§ **WHAT THE TASK REQUIRES**
Retyped exactly and without pictures, the lines from the one with "loquitaqueen011 online show" through the end of the listing must form the entire answer.

§ **MATERIAL FOR THIS TASK**

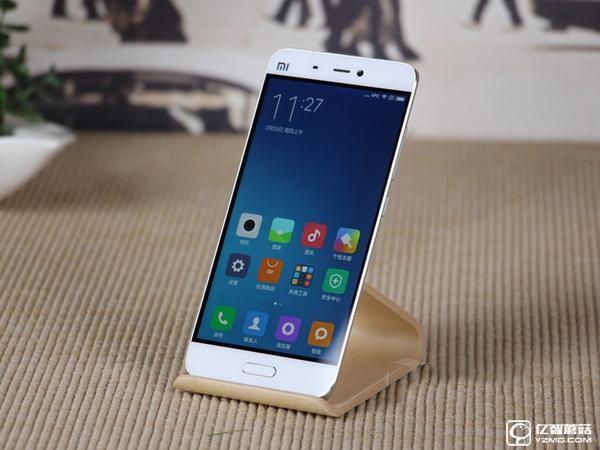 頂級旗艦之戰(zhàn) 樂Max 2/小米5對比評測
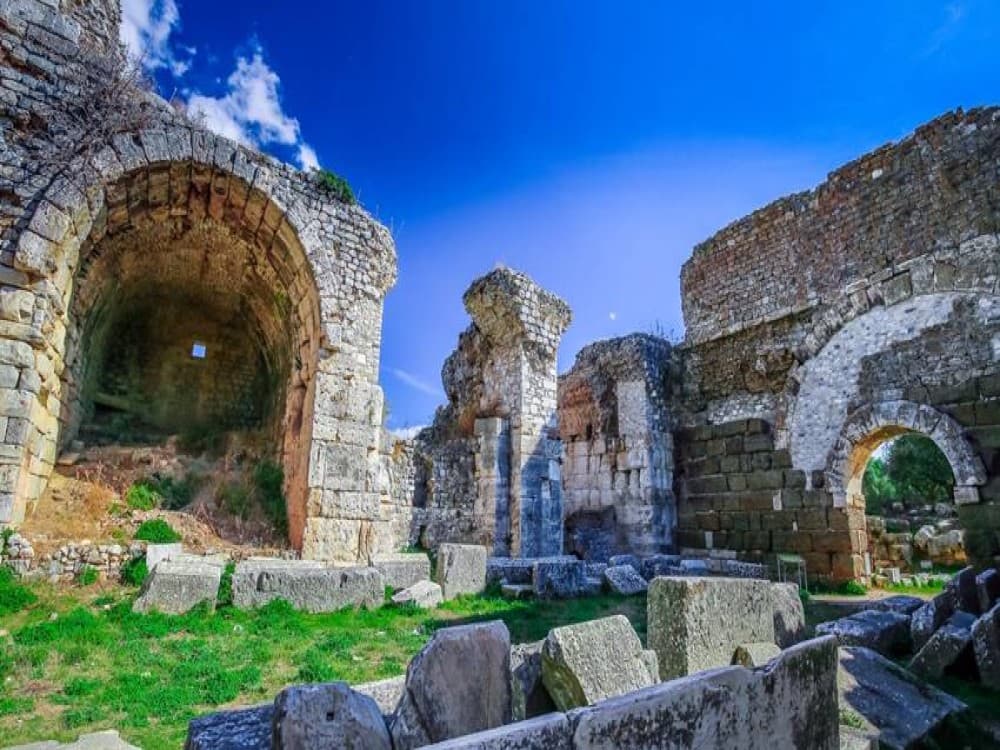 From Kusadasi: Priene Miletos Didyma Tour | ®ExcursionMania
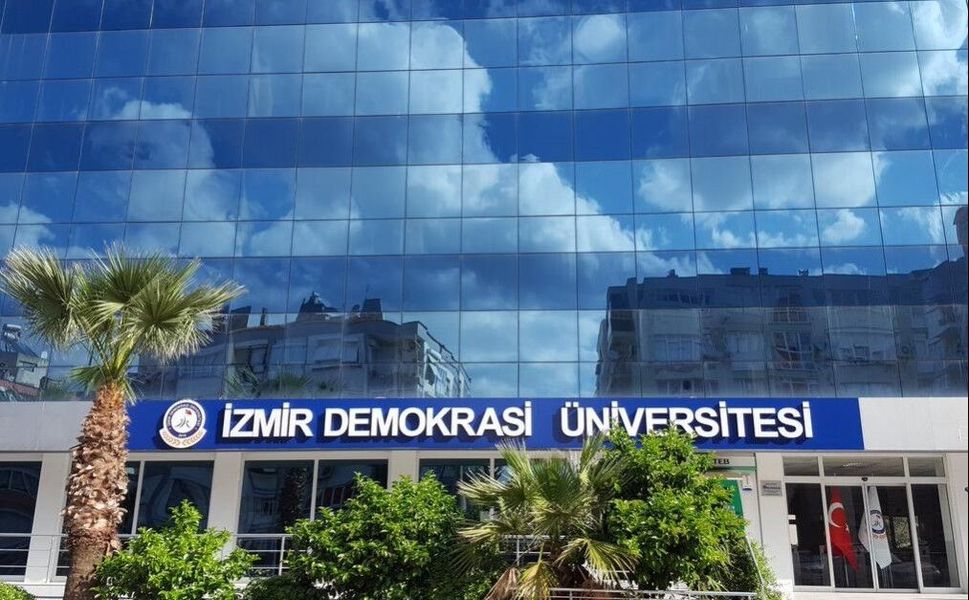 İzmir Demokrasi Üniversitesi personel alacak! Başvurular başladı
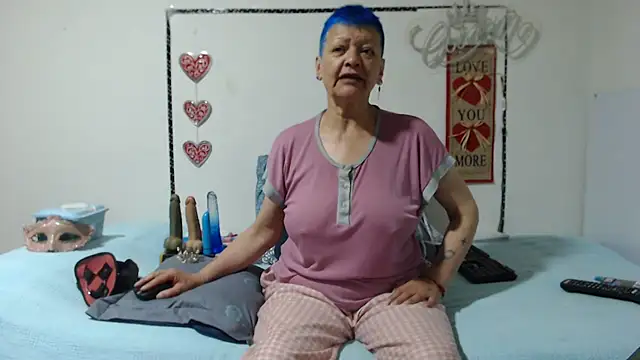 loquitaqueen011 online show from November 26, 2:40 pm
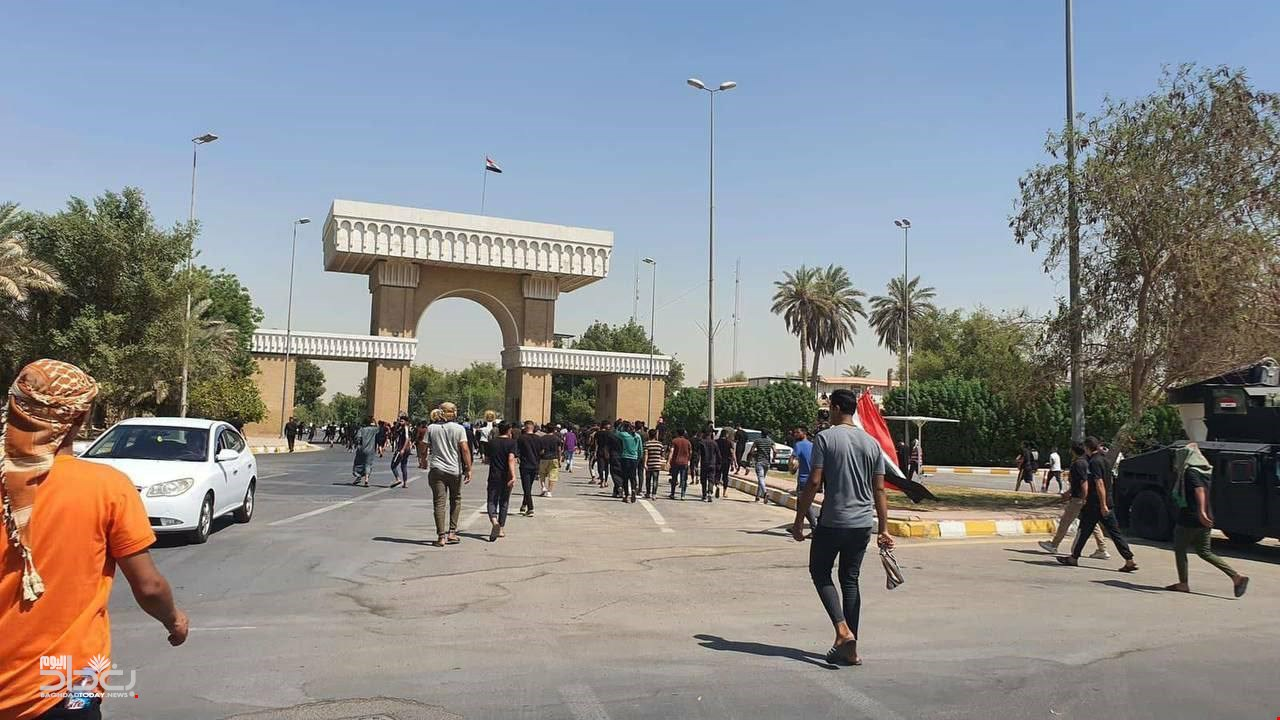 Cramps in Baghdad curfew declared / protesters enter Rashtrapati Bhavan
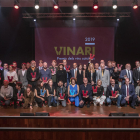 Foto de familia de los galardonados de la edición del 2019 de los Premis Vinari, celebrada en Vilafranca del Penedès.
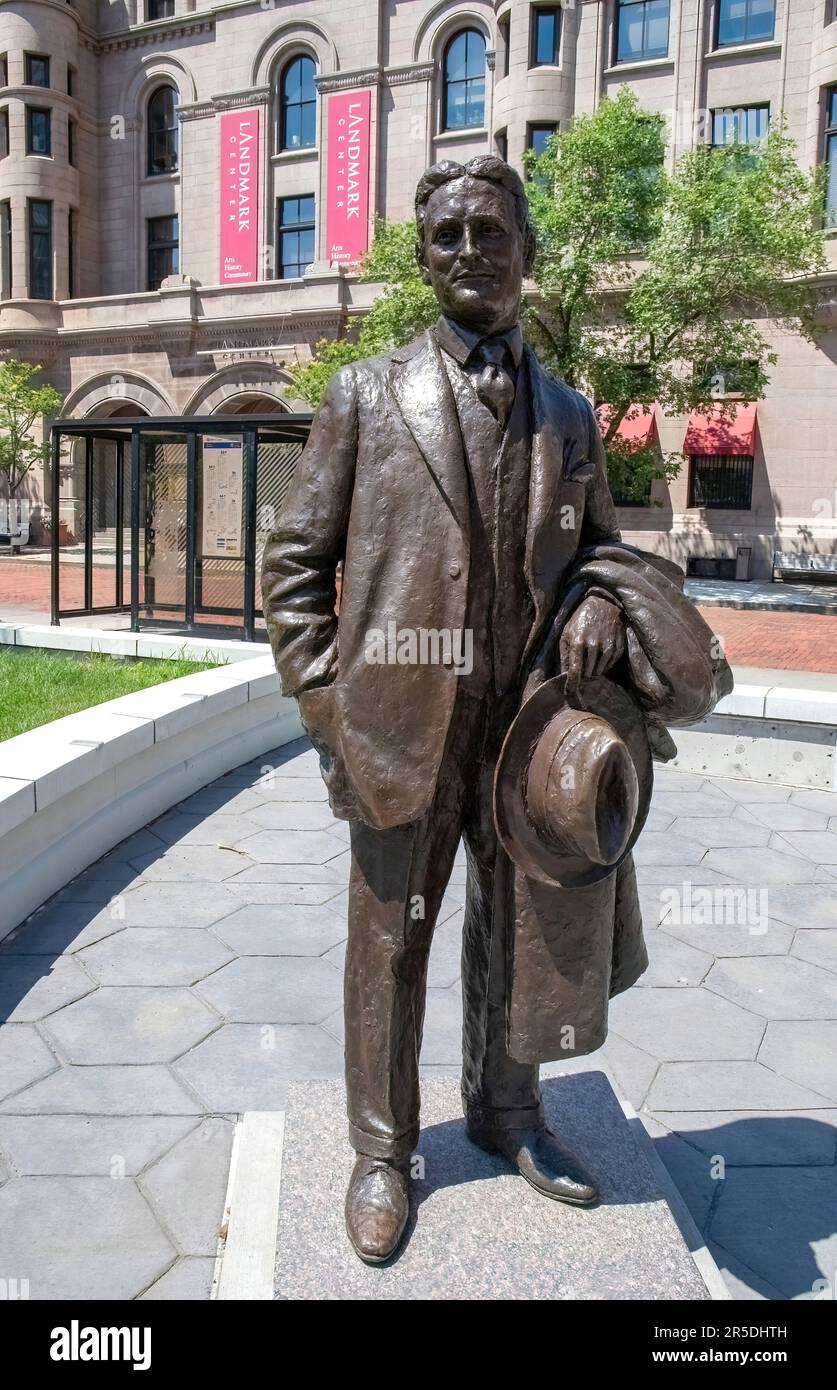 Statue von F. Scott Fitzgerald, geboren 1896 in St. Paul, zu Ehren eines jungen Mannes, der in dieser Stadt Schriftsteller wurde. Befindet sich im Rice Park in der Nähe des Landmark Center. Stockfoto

§ **SOLUTION**
 loquitaqueen011 online show from November 26, 2:40 pm
 Cramps in Baghdad curfew declared / protesters enter Rashtrapati Bhavan
 Foto de familia de los galardonados de la edición del 2019 de los Premis Vinari, celebrada en Vilafranca del Penedès.
 Statue von F. Scott Fitzgerald, geboren 1896 in St. Paul, zu Ehren eines jungen Mannes, der in dieser Stadt Schriftsteller wurde. Befindet sich im Rice Park in der Nähe des Landmark Center. Stockfoto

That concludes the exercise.